Fort heureusement, il n’y a pas que le « politique » ou le « financier » qui rentre désormais en ligne de compte. L’autre paramètre est la montée en puissance de solutions alternatives industrielles avec les projets SCAF ou Tempest par exemple, certes encore embryonnaires et parfois chaotiques. Par cette décision, l’Espagne est précurseur et a montré la voie à suivre, même si le chemin sera long et semé d’embûches. Une défense européenne indépendante est à ce prix. Le temps presse car Poutler ne nous attendra pas et l’Amérique, quel que soit l’hôte de la Maison Blanche, aura de moins en moins l’envie de sacrifier ses boys pour une cause qui n’est désormais plus la leur.

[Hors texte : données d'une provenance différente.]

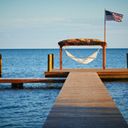 Moorings Realty Florida Keys logo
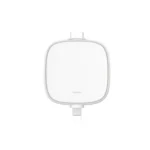 Xiaomi Mi Smart Air Fryer με Wi-Fi 4.5lt Λευκό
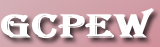 GCPEWD-Government College of Physical Education for Women Dinhata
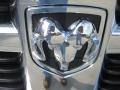 Bright White - Ram 3500 HD SLT Crew Cab 4x4 Chassis Photo No. 26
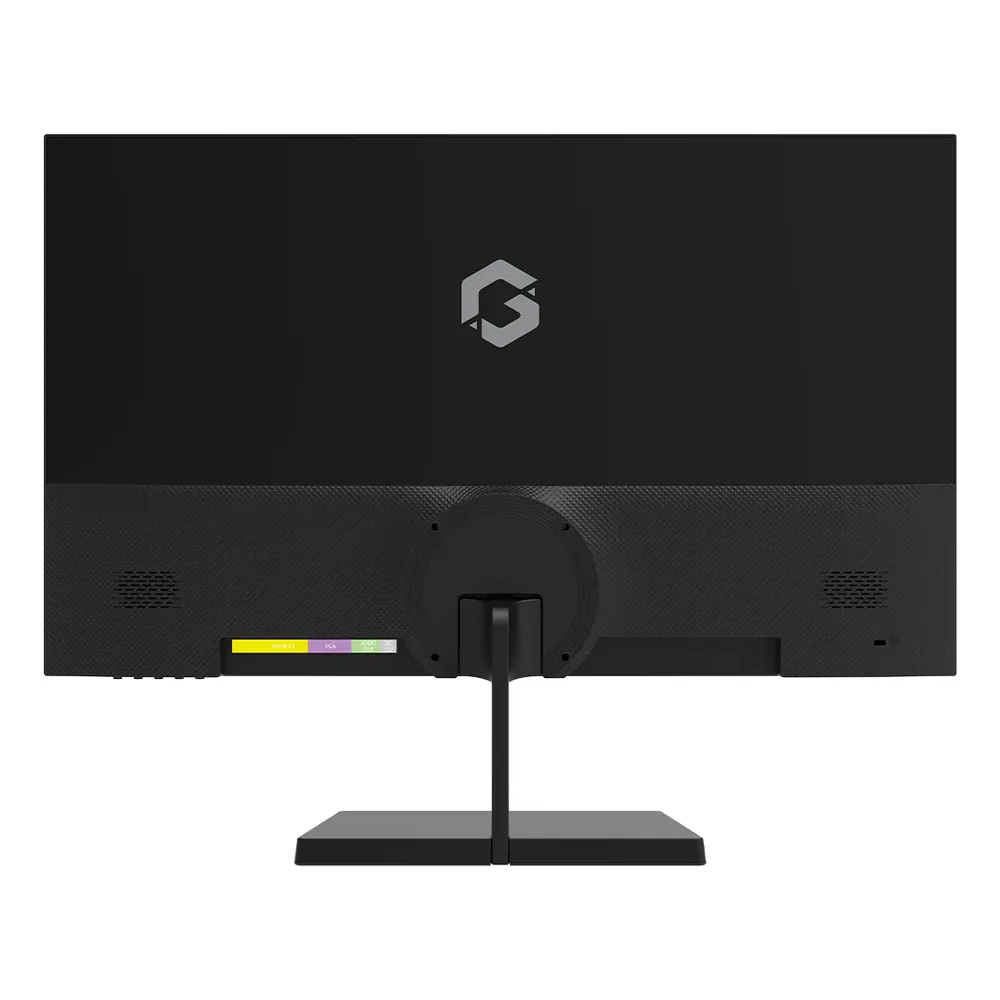 GameOn-GB24F75-Gaming-Monitor-GB24F75
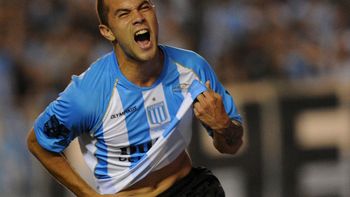 farina presiona a los dirigentes de racing para irse a jugar a rusia farina presiona a los dirigentes de racing para irse a jugar a rusia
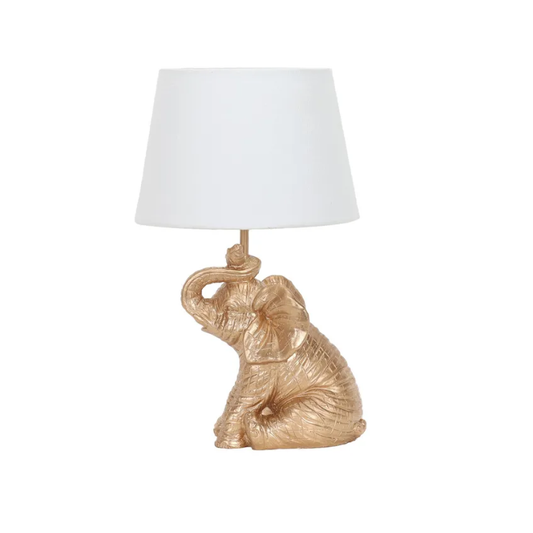 Indi Table Lamp
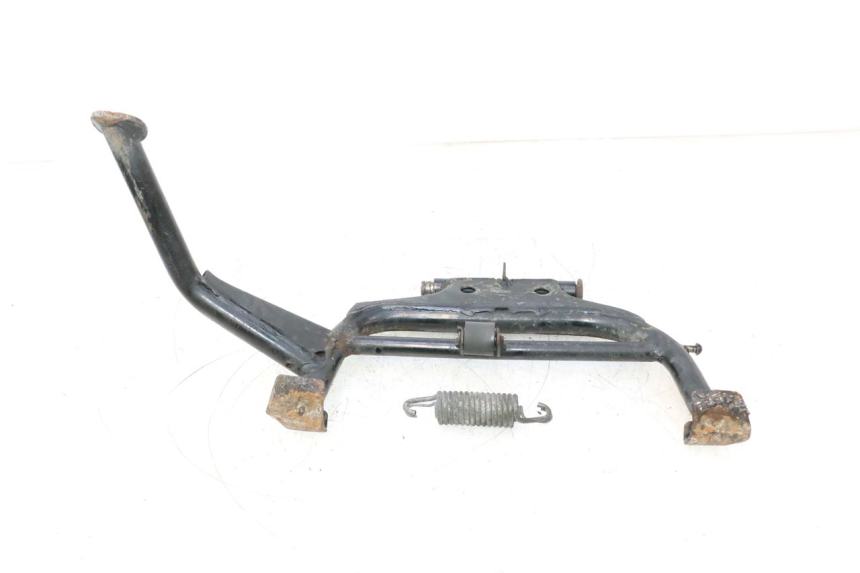 photo de CAVALLETTO CENTRALE YAMAHA XMAX X-MAX 125 (2006 - 2009) - Vista d'insieme del prodotto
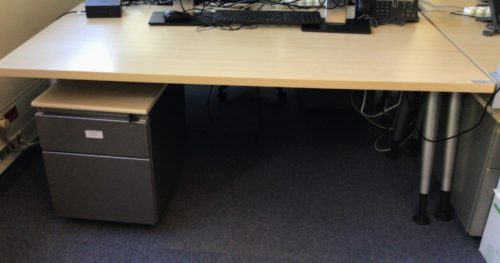 Bureau CLARA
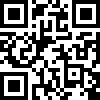 https://mehrnews.com/x34c2R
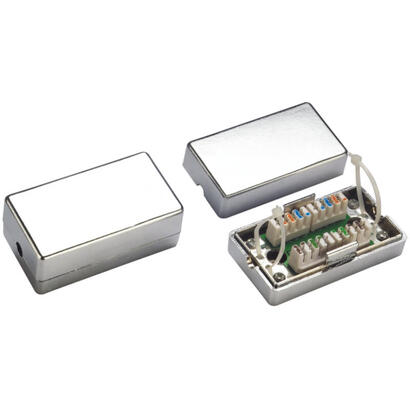 alantec-wtm09-caja-de-conexiones-de-red-cat6-plata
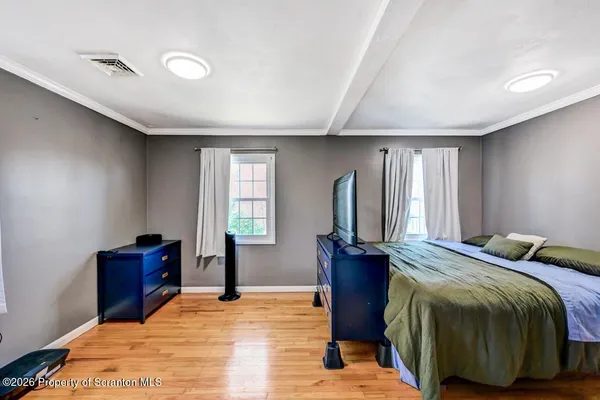 $330,000 | 120 Woodside Drive, Clarks Summit, PA 18411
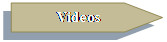 Pentagon: Videos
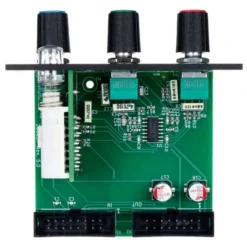 Rodec M 102 EQ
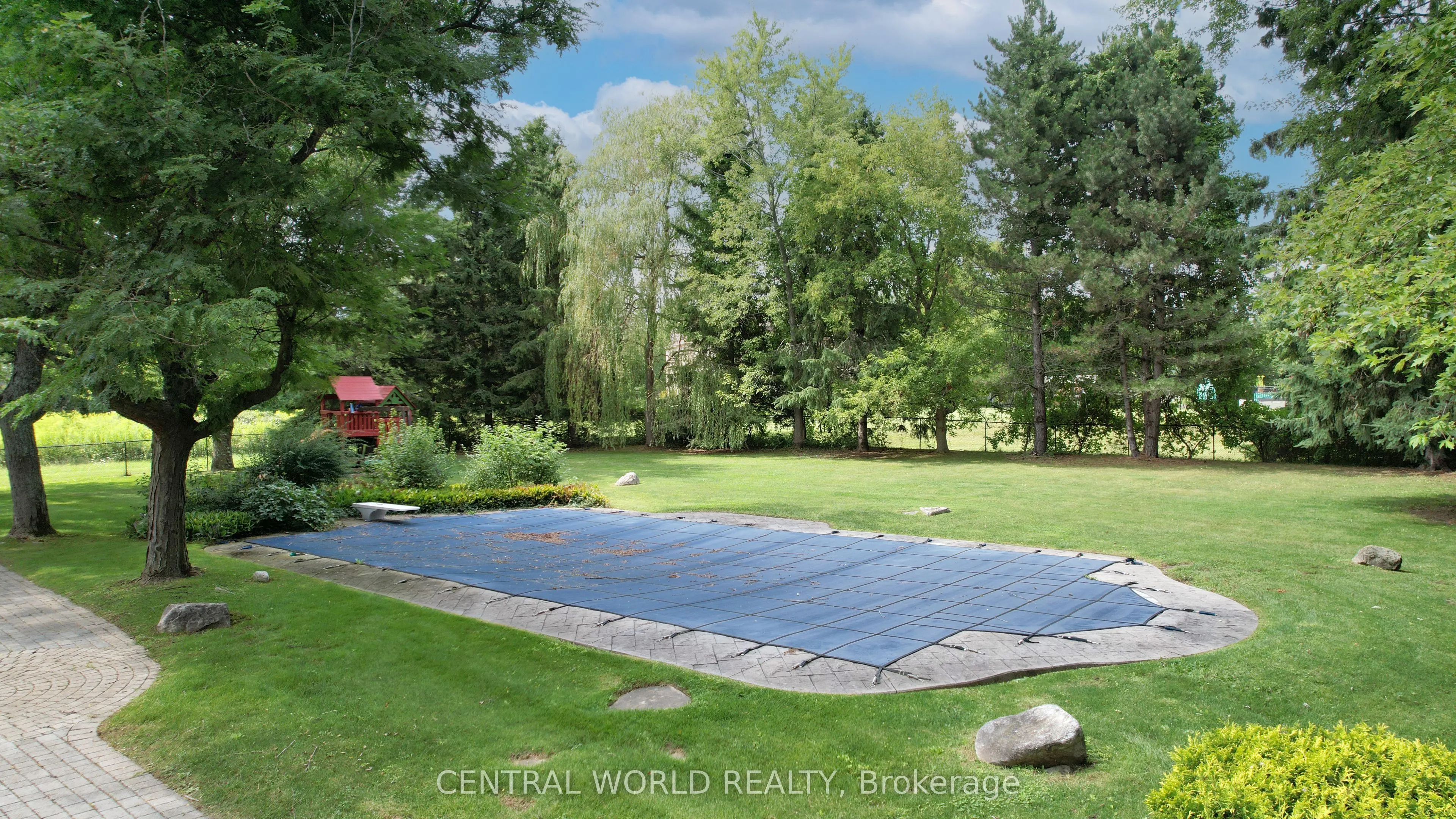 54 Ridgewood Drive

Lors de l’annonce de la non commande de F35B, je me posais la question de l’avenir de leur porte-aéronefs, j’ai la réponse, merci.
L’intérêt d’une chasse embarquée est la projection de force. L’Espagne fait visiblement le choix de renoncer à cette projection pour se concentrer sur la défense de son territoire (et du territoire Otanien). L’avenir dira si c’est un bon choix.
Est-ce qu’ils ont prévus d’augmenter leur capacité de ravitaillement en vol pour compenser la perte de projection? Un chasseur terrestre actuel peut aller très loin si on le ravitaille, ce qui compense en partie la perte de projection du porte-avion.
Autre question : Je sais que le concept SCAF n’est visiblement pas vraiment défini mais sait-on si il est prévu pour décoller d’un Catobar? La France veut que le chasseur SCAF soit embarqué. Il serait VTOL?